• ACTIVITY
Your answer must be the exact lines from the one with "Used 2023 Hyundai" to the end of the data, both included, with no pictures.

• GIVEN INFORMATION
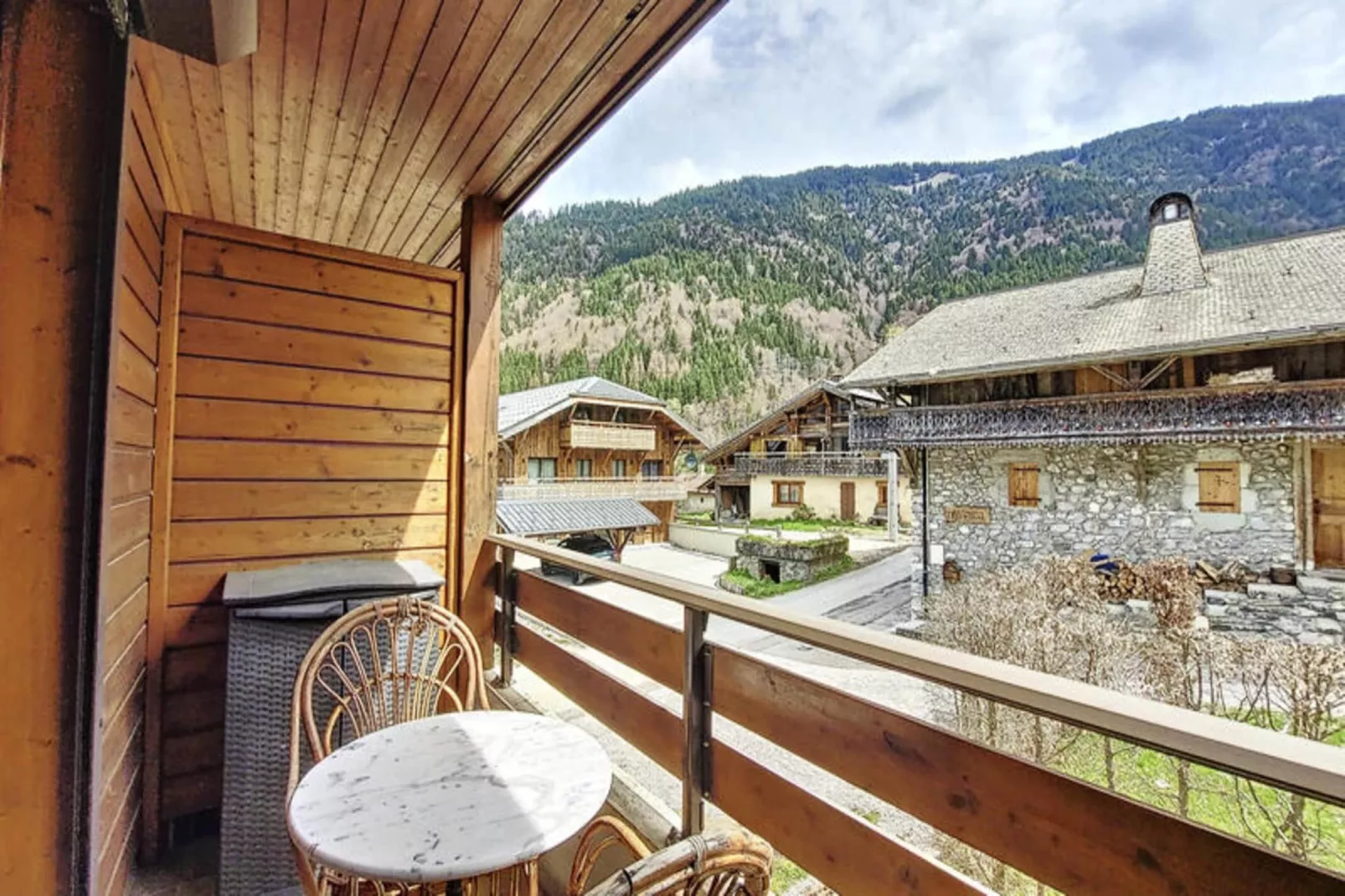 Appartements à Saint Jean d'Aulps-Terrasbalkon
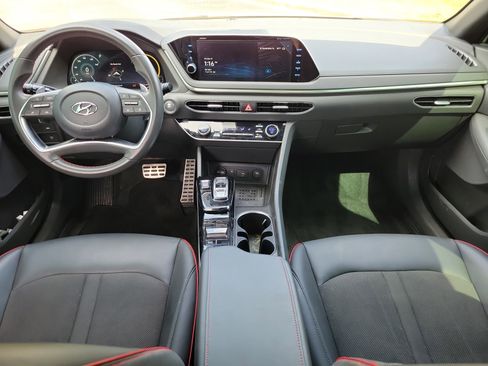 Used 2023 Hyundai Sonata SEL Plus w/ Cargo Package image 12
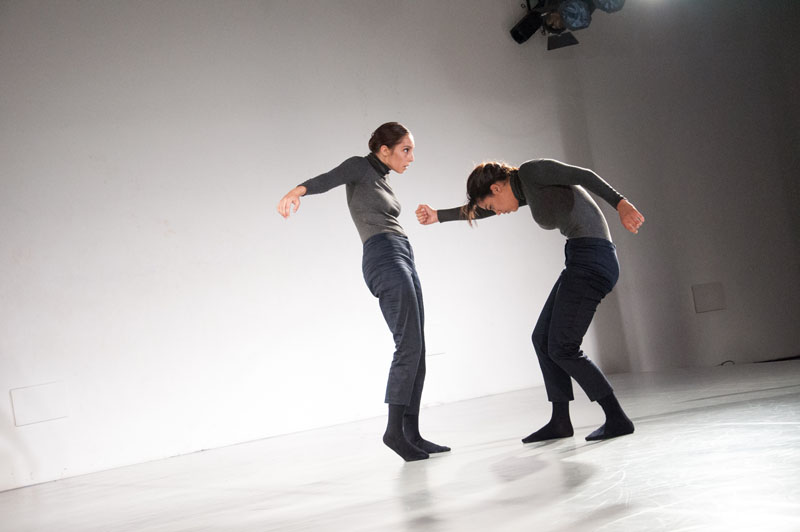 01_under your seat_7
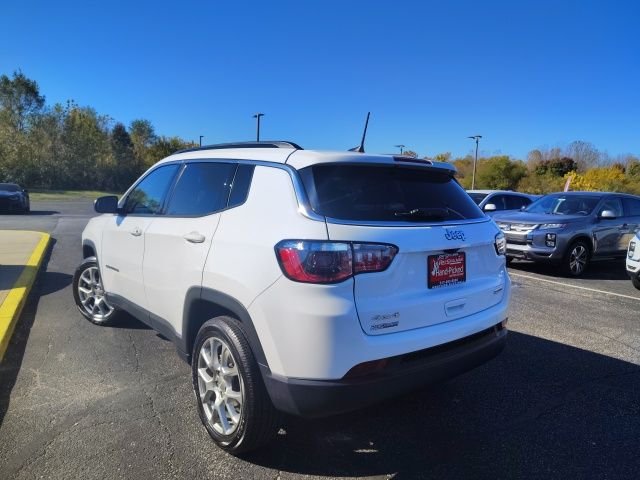 2022 Jeep Compass Latitude Lux photo 3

• THE ANSWER
 Used 2023 Hyundai Sonata SEL Plus w/ Cargo Package image 12
 01_under your seat_7
 2022 Jeep Compass Latitude Lux photo 3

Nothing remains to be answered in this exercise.